Autumn and Winter

Lars Norén
Orange Tree Theatre, Richmond
(2011)

Autumn and Winter production photo

Lars Norén has been compared to Strindberg (which he totally rejects) and to Bergman. Ibsen is referenced in the play, but one could be tempted to label Norén Sweden's Alan Ayckbourn, for he is as prolific if not as funny. He himself admits to being influenced by Eugene O'Neill and Edward Albee. Little known in the UK, his plays are frequently performed at home and in Europe.

The Orange Tree rectifies that with Derek Goldby's excellent production of Autumn and Winter, part of Norén's trilogy of 'bourgeois quartets' (Tre borgerliga kvartetter). The play premiered in Copenhagen in 1988, and there was a production of it at Chelsea's The Man in the Moon in 1997.

The Orange Tree's tiny space serves Norén's preference for small claustrophobic spaces well: " I want small rooms.

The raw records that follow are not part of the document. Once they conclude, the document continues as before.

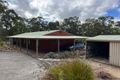 Property photo of 6 Ravenhill Heights Ocean Beach WA 6333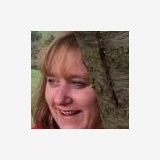 Profilfoto von Nicole Volkmar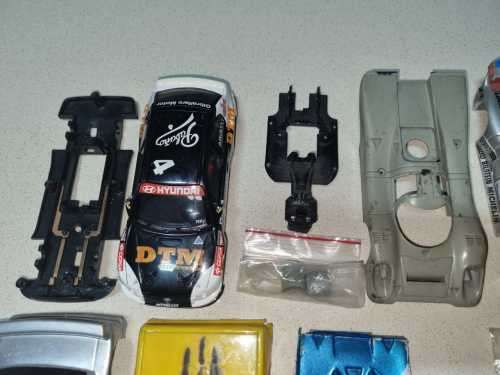 Lot 2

I want audiences to share the same space as the actors." This we do over an unbroken one and three quarter hours, whilst a well-to-do family of four peel back the layers of civility at their monthly dinner to reveal some painful 'truths'.

Drawing on his own experiences, he says, Norén has created a conflicted family of four, who illustrate Philip Larkin's This Be The Verse to perfection. But it's a rare family that doesn't. Dysfunctional family isn't that tautological, I've read many a time.

What we're watching is not new. Writers constantly mine this fertile terrain. Tolstoy's opening line in Anna Karenina, "Happy families are all alike; every unhappy family is unhappy in its own way", is disproved by Norén's play. This unhappy family seems very like so many others.

In a fine home, furnished in bourgeois style (splendidly realised by Sam Dowson), a dinner is ending, and whilst the mother, Margareta, clears up, father Henrik is asked to serve port to his two well-educated grown-up daughters (38 and 43 years old) in the other room. This he is glad to do, for, as we find out in due course, he often seeks escape in drink.

A quiet man, a doctor, Henrik (Osmund Bullock in a first-rate understated performance) passively bears his younger daughter's, Ann's, suggestions that he may have been too physically loving towards her. False memory? The dangers of therapy are briefly skated over. Her mother is less tolerant.

Thin-skinned fallen disturbed daughter Ann, a chain smoker, is the catalyst of the evening - huge demands are made on Lisa Stevenson's acting skills to sustain the bipolar vicissitudes of her performance. In dungarees, boots, torn cardigan, she goads her family into responses they thought they had concealed under their middle-class veneer. Norén has her giving Margareta Alice Miller's book on child abuse.

A beautifully self-contained elegant Diane Fletcher refuses at first to play her daughter's game, but eventually she is pushed to admit that she is not the perfect role model, that yes she did once have an affair. Henrik was often away, and she met someone at the library where she worked. Yes, she is flawed like the rest of them. But, she is still here; they are still together. The family unit is preserved - at a cost.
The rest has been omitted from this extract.